Despite the opportunity presented by the demand for food and fibre to support a burgeoning global population, a cohort of Australian farm businesses are struggling to capitalise on that opportunity. A number of these farm businesses are experiencing significant hardship, with the failure softened only through access to agriculture welfare. This paper has sought to understand and highlight the drivers of significant hardship for these failing businesses, as articulated by farm business operators accessing the RFCS program funded by the Australian Government. It provides an important cross-sectoral assessment of issues limiting profitability and resilience in the Australian agricultural sector, as understood and articulated by operators of stressed rural businesses.
Exposure to climate is a recognised significant risk to the resilience and sustainability of agribusiness in Australia, a fact that is reflected in the access to and provision of agricultural welfare and financial assistance. It is foreseen that frequency and duration of disruptive climate events will increase prompting further climate-related productivity reductions.
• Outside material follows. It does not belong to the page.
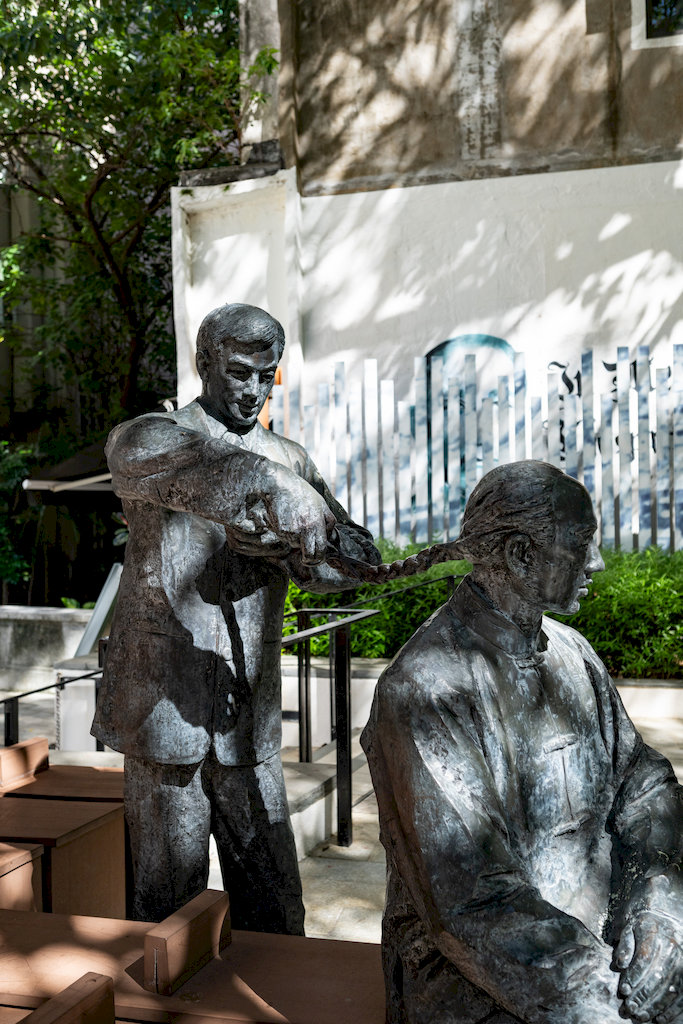 Moments of Change: Revolution and Reform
Consequently, direct and indirect agricultural welfare is likely to remain a much-needed support for Australian farming businesses into the future.
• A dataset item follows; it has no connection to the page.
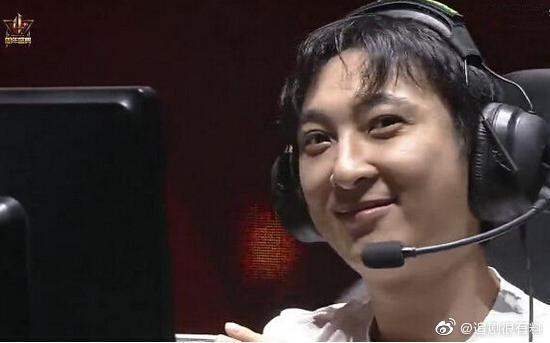Duke将离开iG Duke为什么要离开iG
Climate variation was identified as the primary driver of business hardship by the majority of client participants in the program. The inference of this finding being that, were it not for the impact of climate, they would not have required the services of the RFCS program. It is important, however, to understand that this strong voice of the distressed farmer reflects their perception and as such must necessarily be considered within a broader social and business context. While the influence of climate is particularly evident for farmers in the jurisdiction of NSW in the program, other jurisdictions also highlighted the importance of alternative causes of difficulty including personal factors, lack of management skills, low prices, and debt levels. Hardship was also found to be related to specific industry sectors. Specifically, our study shows that grape growing farmers are more likely to identify low sales and commodity prices as the main cause of difficulty whereas grain growing is related to climate variation. These findings highlight that a more nuanced, broad-based approach to policy than has been demonstrated historically is required to sustain resilient agricultural landscapes and communities in Australia.
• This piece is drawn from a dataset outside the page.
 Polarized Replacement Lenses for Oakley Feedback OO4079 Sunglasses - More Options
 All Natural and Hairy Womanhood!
A more nuanced approach to future agriculture policy requires substantial research to enable the appropriate recognition of both the financial and social drivers of rural business failure in the context of a dynamic and changing future climate. While existing databases such as that underpinning the RFCS program have enormous potential to support future policy development, the use of such databases should be carefully considered. Issues such as the manner in which the data used in this study were collected and, indeed, its veracity, have markedly impacted the value of the current dataset in contributing to this higher policy goal. Ensuring that these issues are resolved through effective program design and oversight is an important first step.
The focus of this study was to illuminate the key drivers of rural business failure, as understood by business operators themselves. In doing so it has highlighted numerous challenges to the development and implementation of effective policy for resilient agriculture. A key next step for this work is to pursue an objective assessment of the drivers of business failure by capturing the combined experience and insights of the RFCs to provide a reality check to balance the subjective farmer-perceptions expressed here.